The FTC is responsible for writing and enforcing granular rules within COPPA’s statutory framework. In the nearly three decades since COPPA’s passage, the FTC has modified the COPPA rule only once—in 2013, to account for increased use of social media and mobile devices. Though FTC oversees enforcement of COPPA, it cannot sue violators for civil penalties under the law without first referring the case to the Department of Justice.
Since December, the FTC has been pursuing updates to the COPPA rule that would strengthen security requirements for sensitive personal information, limit data retention, require a separate opt-in for targeted advertising, and prevent operators from sending push notifications that nudge kids to stay online.
The Children and Teens’ Online Privacy Protection Act, known as “COPPA 2.0,” has bipartisan support in both houses of Congress. The bill would expand the law to cover those up to age 16, close loopholes allowing platforms to ignore the presence of underage users, ban targeted advertising to children and teens, and make it easier for them or their parents to delete their data.
The FTC’s case against TikTok—and the support it has attracted in Congress—reflects a growing consensus about the need to protect children’s privacy from tech giants. COPPA has become critical in this increasingly combative digital landscape. In a recent House Innovation, Data, And Commerce Subcommittee hearing, FTC Commissioner Andrew N. Ferguson described consumer protection laws (such as COPPA) as “one of the last available avenues to address the many challenges posed by big tech.”

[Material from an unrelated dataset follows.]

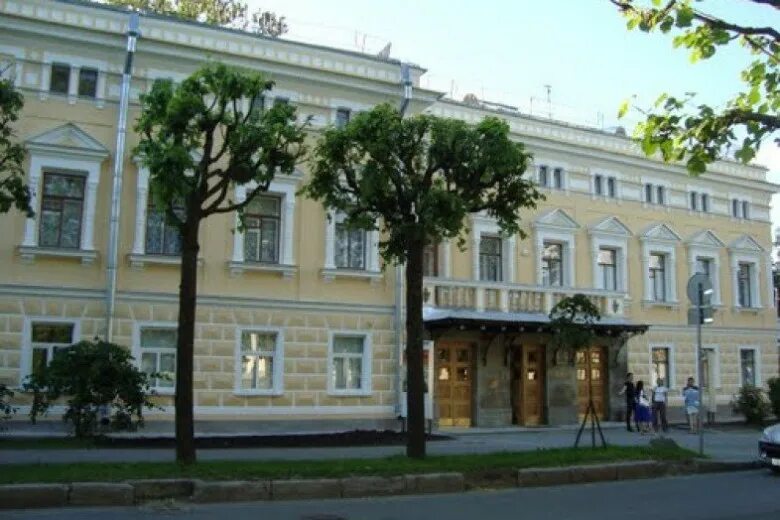 Пушкин, радищева ул. Пушкино город дк. Дк город пушкин. Пушкинский дом культуры г пушкин ул набережная 14. Пушкин набережная 14 дом культуры.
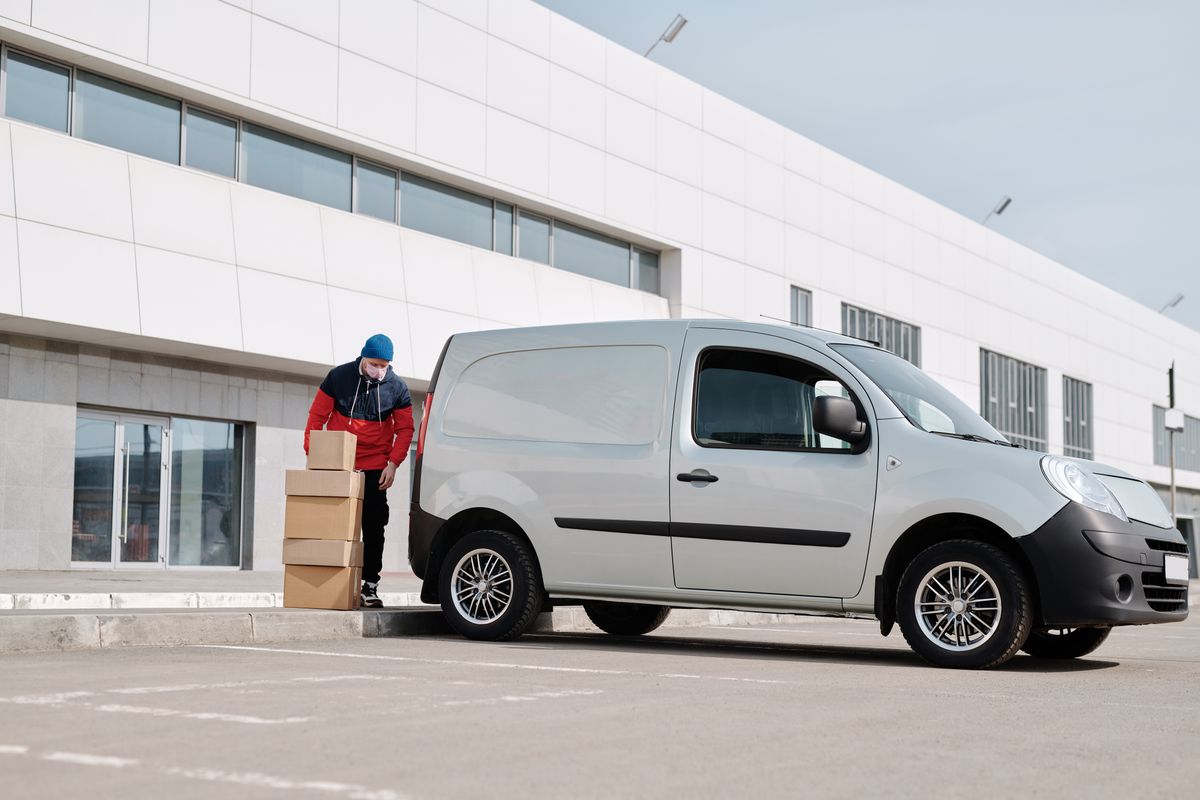 Delivery & Courier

In recent years, the FTC has managed to secure much larger civil penalties under COPPA. Epic Games, the developer of Fortnite, paid $275 million for COPPA violations in a 2022 settlement. In 2023, Amazon paid $25 million to settle a COPPA suit involving Alexa devices. And last year, Microsoft paid a $20 million fine for COPPA violations pertaining to children’s Xbox accounts. With enforcement of the statute growing more vigorous, and mounting public scrutiny on TikTok, it seems unlikely ByteDance will escape with another slap on the wrist.